Hopefully following some of these tips will improve your ability to cook tender, tasty, and totally succulent mushroom every time.
This recipe, creamy pasta with arugula, was simply a trial by error recipe. I had to find a way to get rid of arugula and not gag two bites into my meal. I LOVE this recipe, because I love mushrooms and goat cheese and I think over time I will soon love arugula. Enjoy, smile, laugh, and have fun!!
Creamy Pasta with Arugula and Mushrooms
- 8 ounces mushrooms (we used Crimini), stems removed and cut into fourths
- 2 tablespoons unsalted butter
- 1 clove garlic, minced
- 1/2 teaspoon salt
- 1 pound pasta (we used Fusilli)
- 4 ounces arugula, washed and coarsely chopped
- 4 ounces goat cheese
- 1/3 cup freshly chopped basil or parsley
- freshly ground black pepper, to taste
- 1 tablespoon balsamic vinegar, optional
- Bring a large pot of water up to a boil for your pasta.
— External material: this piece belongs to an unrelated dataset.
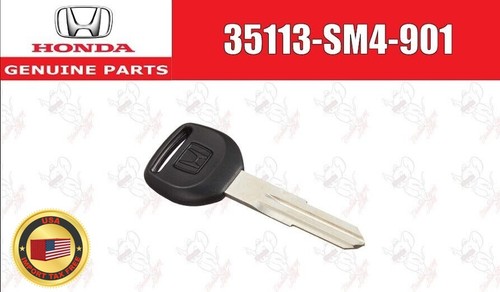 Honda oem main blank key - oem,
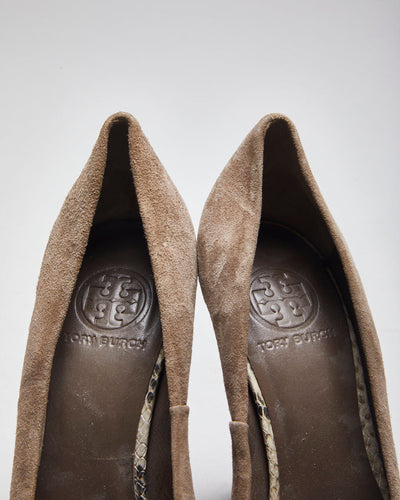 Tory Burch Wedge Heels - UK5.5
I always add a good pinch of salt and about a tablespoon of oil to my pasta water.
- In a nonstick pan, melt butter over medium heat.
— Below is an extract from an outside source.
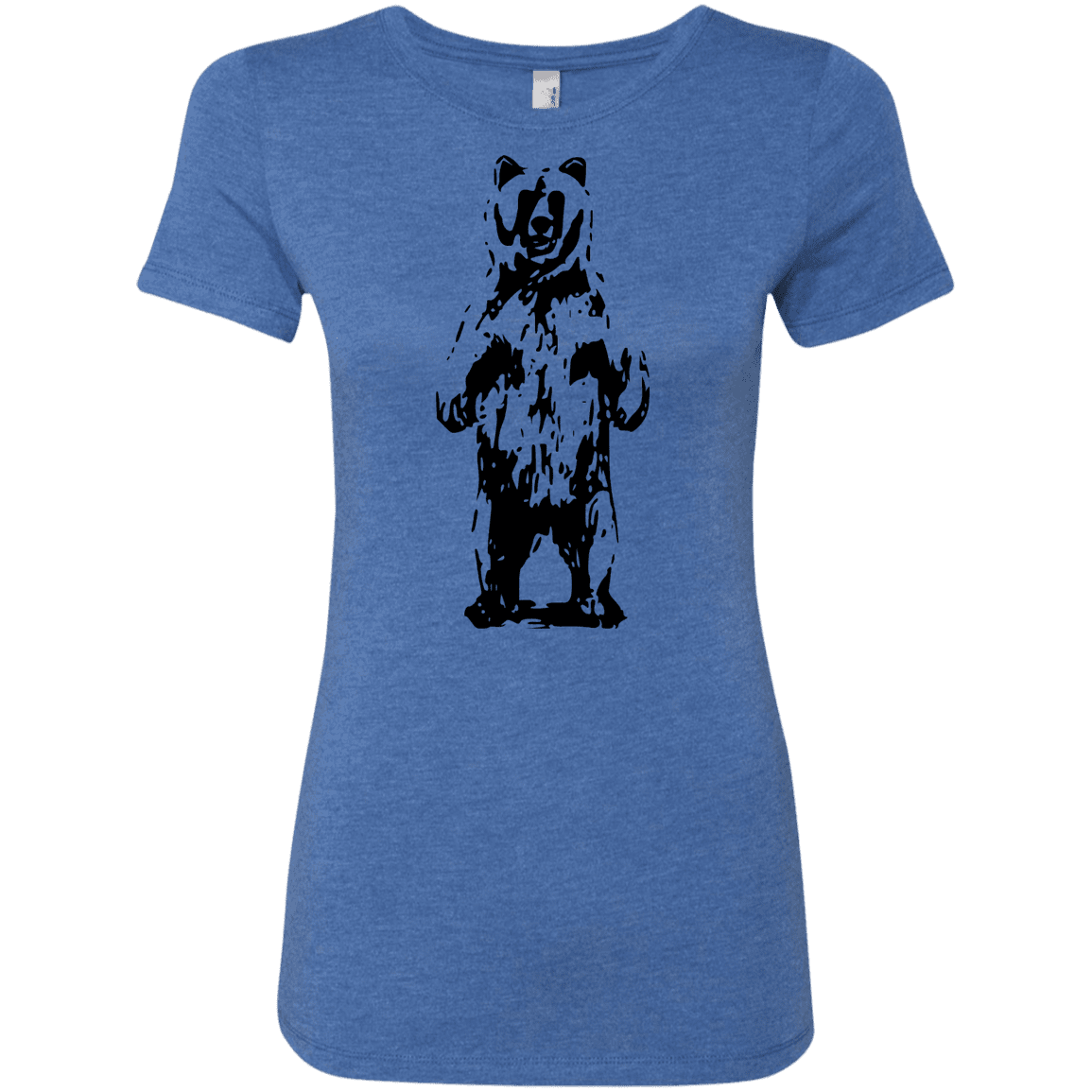T-Shirts Vintage Royal / S Bear Hug Women's Triblend T-Shirt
- Add in garlic, mushrooms, and salt and toss.
- Cook mushrooms until they are tender (see cooking tip above).
- Cook pasta according to package directions, but before draining the pasta, reserve 1 cup of the pasta water.
- I repeat, before draining the pasta, reserve 1 cup of the pasta water.
- While your pasta is draining, return the 1 cup of pasta water back into the pot along with the goat cheese. Bring up to a simmer over medium heat, whisking the goat cheese and water together.
- Once the goat cheese sauce is simmering, add the pasta, mushrooms, arugula, and basil and toss. Tossing the pasta is important to make the sauce creamy.
- Season with salt and pepper to taste.
- Serve immediately with the option of balsamic vinegar drizzled on at the table.
- Spinach can be used in place of arugula.